内外野を守れるユーティリティーさが武器だ
西武のムードメーカーといえば、この男の右に出る者はいないだろう。プロ9年目の
熊代聖人、29歳。昨季、試合前の円陣で、自ら“訓示”と称した小噺で笑いとナインの闘争心をあおり、優勝を目指すチームの士気を高めた。
声での貢献度の高さを評価されることに対し、「そう言っていただけるのはありがたい」と素直に喜びつつも、やはり本業は野球。本心は「一番はプレーで貢献したい」と厳しい表情で話す。昨季は25試合出場で無安打に終わっただけにリベンジに燃える思いは相当だ。4月9日の
楽天戦(県営大宮)に「九番・三塁」でスタメン出場し、2016年4月8日の
ロッテ戦(QVCマリン)以来となるヒットを記録したが、まだまだ物足りないだろう。
内外野に加え、昨季途中には捕手の練習も行っているように守備でのユーティリティーさが最大の武器。チームの打線は12球団屈指の破壊力を誇っており、レギュラー奪取は相当ハイレベルな競争を勝ち抜かなければならない。その中で、もちろん選手としてレギュラーを目指していることは言うまでもないが、一方で『スーパーサブ』のポジションに自らが生きる道を見いだしていることも確か。
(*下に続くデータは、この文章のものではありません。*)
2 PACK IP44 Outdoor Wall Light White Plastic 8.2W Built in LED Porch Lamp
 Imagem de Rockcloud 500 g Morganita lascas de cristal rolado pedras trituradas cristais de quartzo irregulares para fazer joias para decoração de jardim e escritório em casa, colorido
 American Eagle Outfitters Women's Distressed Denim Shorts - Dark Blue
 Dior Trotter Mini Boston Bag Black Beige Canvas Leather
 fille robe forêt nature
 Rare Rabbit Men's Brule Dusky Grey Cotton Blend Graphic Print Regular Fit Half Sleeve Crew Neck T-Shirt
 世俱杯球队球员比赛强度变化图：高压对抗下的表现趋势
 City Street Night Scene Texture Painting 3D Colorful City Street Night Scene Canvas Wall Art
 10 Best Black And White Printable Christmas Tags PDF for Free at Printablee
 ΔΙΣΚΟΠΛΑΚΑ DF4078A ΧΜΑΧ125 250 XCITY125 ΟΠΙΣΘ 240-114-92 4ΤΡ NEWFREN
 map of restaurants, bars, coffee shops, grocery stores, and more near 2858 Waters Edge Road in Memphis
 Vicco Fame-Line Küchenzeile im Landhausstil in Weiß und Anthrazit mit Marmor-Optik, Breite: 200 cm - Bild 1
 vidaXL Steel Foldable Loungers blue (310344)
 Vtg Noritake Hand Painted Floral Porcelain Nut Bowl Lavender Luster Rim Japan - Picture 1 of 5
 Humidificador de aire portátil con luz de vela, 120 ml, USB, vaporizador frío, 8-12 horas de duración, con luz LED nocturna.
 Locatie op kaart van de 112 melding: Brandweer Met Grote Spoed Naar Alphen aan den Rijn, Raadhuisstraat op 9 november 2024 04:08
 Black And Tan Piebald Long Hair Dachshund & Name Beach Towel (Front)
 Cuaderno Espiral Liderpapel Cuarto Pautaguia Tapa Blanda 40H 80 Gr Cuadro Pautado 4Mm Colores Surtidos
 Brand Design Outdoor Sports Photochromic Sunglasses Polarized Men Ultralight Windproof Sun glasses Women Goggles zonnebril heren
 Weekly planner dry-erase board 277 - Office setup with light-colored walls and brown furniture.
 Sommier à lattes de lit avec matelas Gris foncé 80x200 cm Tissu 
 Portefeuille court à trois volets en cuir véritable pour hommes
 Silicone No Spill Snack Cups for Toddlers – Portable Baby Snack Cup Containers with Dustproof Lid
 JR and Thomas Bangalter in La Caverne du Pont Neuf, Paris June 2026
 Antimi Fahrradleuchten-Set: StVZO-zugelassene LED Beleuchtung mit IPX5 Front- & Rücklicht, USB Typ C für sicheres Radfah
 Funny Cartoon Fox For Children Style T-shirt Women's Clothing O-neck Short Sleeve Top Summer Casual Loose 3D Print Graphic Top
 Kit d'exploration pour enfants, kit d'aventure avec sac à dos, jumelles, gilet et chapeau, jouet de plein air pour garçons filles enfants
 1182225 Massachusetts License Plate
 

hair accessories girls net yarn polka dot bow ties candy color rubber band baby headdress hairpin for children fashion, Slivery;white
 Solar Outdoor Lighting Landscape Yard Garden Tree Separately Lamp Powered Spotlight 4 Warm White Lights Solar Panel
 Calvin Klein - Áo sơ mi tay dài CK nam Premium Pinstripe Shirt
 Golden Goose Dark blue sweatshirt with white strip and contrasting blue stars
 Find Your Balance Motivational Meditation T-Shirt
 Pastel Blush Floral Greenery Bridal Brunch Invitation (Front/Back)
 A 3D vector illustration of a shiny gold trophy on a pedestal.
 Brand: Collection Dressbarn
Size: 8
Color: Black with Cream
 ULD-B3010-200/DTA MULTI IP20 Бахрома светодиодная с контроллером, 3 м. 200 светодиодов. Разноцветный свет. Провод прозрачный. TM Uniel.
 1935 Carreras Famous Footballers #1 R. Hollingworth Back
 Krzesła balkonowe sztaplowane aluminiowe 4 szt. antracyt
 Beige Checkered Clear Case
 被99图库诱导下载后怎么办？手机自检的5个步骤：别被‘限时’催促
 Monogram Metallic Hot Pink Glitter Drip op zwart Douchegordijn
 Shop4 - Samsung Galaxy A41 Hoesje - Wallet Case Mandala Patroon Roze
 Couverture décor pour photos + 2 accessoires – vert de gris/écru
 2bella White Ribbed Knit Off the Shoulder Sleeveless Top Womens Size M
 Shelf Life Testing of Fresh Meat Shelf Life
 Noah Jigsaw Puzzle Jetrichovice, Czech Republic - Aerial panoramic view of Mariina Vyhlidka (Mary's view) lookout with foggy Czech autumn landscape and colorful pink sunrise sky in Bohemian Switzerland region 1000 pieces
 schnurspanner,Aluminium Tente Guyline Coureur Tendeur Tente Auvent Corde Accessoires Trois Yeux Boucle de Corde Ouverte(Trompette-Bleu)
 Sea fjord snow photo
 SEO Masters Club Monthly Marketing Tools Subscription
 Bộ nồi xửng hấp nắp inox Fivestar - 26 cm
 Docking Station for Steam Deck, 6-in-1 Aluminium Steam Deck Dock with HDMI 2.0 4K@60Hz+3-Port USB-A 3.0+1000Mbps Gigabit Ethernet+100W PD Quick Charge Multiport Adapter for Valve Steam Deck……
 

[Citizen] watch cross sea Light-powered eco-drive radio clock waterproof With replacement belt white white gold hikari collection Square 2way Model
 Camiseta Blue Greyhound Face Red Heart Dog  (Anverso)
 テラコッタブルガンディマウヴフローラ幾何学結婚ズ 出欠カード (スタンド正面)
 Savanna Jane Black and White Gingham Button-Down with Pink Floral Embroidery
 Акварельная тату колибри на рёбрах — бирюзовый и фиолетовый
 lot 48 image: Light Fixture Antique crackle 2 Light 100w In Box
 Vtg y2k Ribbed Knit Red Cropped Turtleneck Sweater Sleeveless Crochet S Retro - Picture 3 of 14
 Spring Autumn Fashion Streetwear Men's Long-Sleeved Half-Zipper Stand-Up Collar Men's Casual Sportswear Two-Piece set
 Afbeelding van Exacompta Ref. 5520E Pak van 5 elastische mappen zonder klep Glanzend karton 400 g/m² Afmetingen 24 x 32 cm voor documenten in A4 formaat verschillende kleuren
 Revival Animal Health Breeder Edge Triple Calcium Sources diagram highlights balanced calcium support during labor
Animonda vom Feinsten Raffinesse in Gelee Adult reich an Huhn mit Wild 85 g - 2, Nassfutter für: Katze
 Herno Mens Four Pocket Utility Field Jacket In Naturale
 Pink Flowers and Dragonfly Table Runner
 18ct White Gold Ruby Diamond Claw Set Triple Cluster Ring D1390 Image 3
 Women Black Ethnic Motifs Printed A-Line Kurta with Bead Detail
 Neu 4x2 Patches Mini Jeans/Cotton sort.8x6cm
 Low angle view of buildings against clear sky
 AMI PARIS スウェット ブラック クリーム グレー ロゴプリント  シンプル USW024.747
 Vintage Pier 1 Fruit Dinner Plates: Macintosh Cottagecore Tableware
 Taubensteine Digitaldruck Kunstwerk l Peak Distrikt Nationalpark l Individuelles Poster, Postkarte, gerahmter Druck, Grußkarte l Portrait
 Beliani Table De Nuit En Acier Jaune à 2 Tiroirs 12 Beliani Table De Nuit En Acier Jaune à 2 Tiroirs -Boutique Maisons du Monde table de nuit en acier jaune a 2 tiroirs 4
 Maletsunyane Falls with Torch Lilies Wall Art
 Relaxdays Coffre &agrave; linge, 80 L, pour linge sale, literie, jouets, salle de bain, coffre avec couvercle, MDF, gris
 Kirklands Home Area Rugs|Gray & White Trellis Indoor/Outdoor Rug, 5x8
「自分がどのピースを埋められるかということを考えてやりたい」
盛り上げ役も含め、自分にしかできない役割で、チームのリーグ連覇に貢献してみせる。
いじられキャラのため、「なんか言ってるな〜という感じ」など、“訓示”に対して同僚たちからの素直な称賛の声は聞かれないが、円陣が解けた後、チーム全員は笑顔である。実は、話す内容は
炭谷銀仁朗(
巨人)の助言も多かっただけに、その存在がいなくなった今季は真価の見せどころ。注目点の1つとして楽しみにしたい。